Android provides a reference implementation of all the components needed to implement the Android Virtualization Framework. Currently this implementation is limited to ARM64. This page explains the framework architecture.
The Arm architecture allows up to four exception levels, with exception level 0 (EL0) being the least privileged, and exception level 3 (EL3) the most. The largest portion of the Android codebase (all userspace components) runs at EL0. The rest of what is commonly called "Android" is the Linux kernel, which runs at EL1.
The EL2 layer allows the introduction of a hypervisor that enables isolating memory and devices into individual pVMs at EL1/EL0, with strong confidentiality and integrity guarantees.
The protected kernel-based virtual machine (pKVM) is built upon the Linux KVM hypervisor, which has been extended with the ability to restrict access to the payloads running in guest virtual machines marked ‘protected’ at the time of creation.

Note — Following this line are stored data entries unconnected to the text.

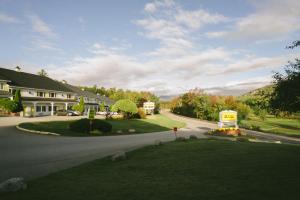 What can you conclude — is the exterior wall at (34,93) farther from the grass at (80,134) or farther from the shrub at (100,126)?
the shrub at (100,126)

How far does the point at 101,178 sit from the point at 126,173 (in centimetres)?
105

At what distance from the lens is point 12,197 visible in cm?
770

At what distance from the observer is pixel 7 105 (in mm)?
47844

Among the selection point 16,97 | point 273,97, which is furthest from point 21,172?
point 16,97

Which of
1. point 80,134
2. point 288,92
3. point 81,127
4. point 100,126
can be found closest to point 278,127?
point 100,126

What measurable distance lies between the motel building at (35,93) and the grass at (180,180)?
147ft

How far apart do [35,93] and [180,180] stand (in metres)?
56.9

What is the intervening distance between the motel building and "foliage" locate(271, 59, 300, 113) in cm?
4883

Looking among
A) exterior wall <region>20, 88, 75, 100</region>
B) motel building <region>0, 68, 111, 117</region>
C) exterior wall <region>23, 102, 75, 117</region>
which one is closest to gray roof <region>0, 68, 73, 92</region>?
motel building <region>0, 68, 111, 117</region>

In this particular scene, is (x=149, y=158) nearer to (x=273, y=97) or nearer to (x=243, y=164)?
(x=243, y=164)

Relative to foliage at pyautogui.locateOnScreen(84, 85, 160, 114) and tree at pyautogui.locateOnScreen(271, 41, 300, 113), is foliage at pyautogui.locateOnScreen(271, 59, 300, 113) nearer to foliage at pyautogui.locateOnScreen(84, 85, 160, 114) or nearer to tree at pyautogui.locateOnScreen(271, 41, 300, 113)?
tree at pyautogui.locateOnScreen(271, 41, 300, 113)

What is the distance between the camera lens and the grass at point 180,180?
7.33 m

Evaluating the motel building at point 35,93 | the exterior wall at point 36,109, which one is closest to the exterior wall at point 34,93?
the motel building at point 35,93

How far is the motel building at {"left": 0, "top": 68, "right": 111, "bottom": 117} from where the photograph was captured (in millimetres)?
52719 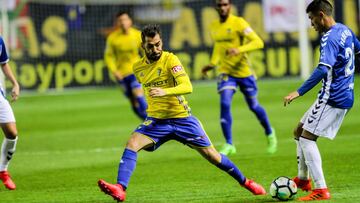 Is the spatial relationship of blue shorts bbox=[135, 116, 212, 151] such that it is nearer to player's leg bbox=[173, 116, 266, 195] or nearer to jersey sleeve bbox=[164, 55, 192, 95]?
player's leg bbox=[173, 116, 266, 195]

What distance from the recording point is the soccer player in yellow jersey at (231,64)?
1401 cm

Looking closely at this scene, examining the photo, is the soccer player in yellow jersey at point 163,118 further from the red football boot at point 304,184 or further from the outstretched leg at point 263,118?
the outstretched leg at point 263,118

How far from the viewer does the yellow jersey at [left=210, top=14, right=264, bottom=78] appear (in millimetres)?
14156

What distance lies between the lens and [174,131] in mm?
9352

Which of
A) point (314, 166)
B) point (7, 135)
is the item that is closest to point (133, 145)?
point (314, 166)

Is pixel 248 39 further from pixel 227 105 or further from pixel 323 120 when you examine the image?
pixel 323 120

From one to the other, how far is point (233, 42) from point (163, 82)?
5.16 meters

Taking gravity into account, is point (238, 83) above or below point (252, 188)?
above

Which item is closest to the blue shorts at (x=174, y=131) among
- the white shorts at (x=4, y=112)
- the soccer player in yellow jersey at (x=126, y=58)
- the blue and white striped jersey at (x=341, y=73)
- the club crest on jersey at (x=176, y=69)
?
the club crest on jersey at (x=176, y=69)

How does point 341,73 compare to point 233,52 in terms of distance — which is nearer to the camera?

KVM/arm64 supports different execution modes depending on the availability of
certain CPU features, namely, the Virtualization Host Extensions (VHE) (ARMv8.1
and later). In one of those modes, commonly known as the non-VHE mode, the
hypervisor code is split out of the kernel image during boot and installed at
EL2, whereas the kernel itself runs at EL1. Although part of the
Linux codebase, the EL2 component of KVM is a small component in charge of
the switch between multiple EL1s, and entirely controlled by the host's kernel.
The hypervisor component is compiled with Linux, but resides in a separate,
dedicated memory section of the
vmlinux image. pKVM leverages this design by
extending the hypervisor code with new features allowing it to put restrictions
on the Android host kernel and user space, and limiting host access to guest
memory and hypervisor.
pKVM boot procedure is depicted in figure 1. The first step is for the bootloader to enter a pKVM-enabled Linux kernel at EL2. During early boot, the kernel detects that it's running at EL2, deprivileges itself to EL1, leaving behind pKVM. From this point on, the Linux kernel proceeds to boot normally, loading all the necessary device drivers, until reaching user space. These steps happen while under control of pKVM.
The boot procedure trusts the bootloader to maintain the integrity of the kernel image only during early boot. When the kernel is deprivileged, it's no longer considered trusted by the hypervisor, which is then responsible for protecting itself even if the kernel is compromised.
Having the Android kernel and the hypervisor in the same binary image allows for a very tightly coupled communication interface between them. This tight coupling guarantees atomic updates of the two components, which avoids the need to keep the interface between them stable, and offers a great deal of flexibility without compromising long-term maintainability. The tight coupling also allows performance optimizations when both components can cooperate without impacting the security guarantees provided by the hypervisor.
Moreover, the adoption of GKI in the Android ecosystem automatically allows the pKVM hypervisor to be deployed to Android devices in the same binary as the kernel.
CPU memory access protection
The Arm architecture specifies a memory management unit (MMU) split in two independent stages, both of which can be used to implement address translation and access control to different parts of memory. The stage 1 MMU is controlled by EL1 and allows a first level of address translation. The stage 1 MMU is used by Linux to manage the virtual address space provided to each userspace process and to its own virtual address space.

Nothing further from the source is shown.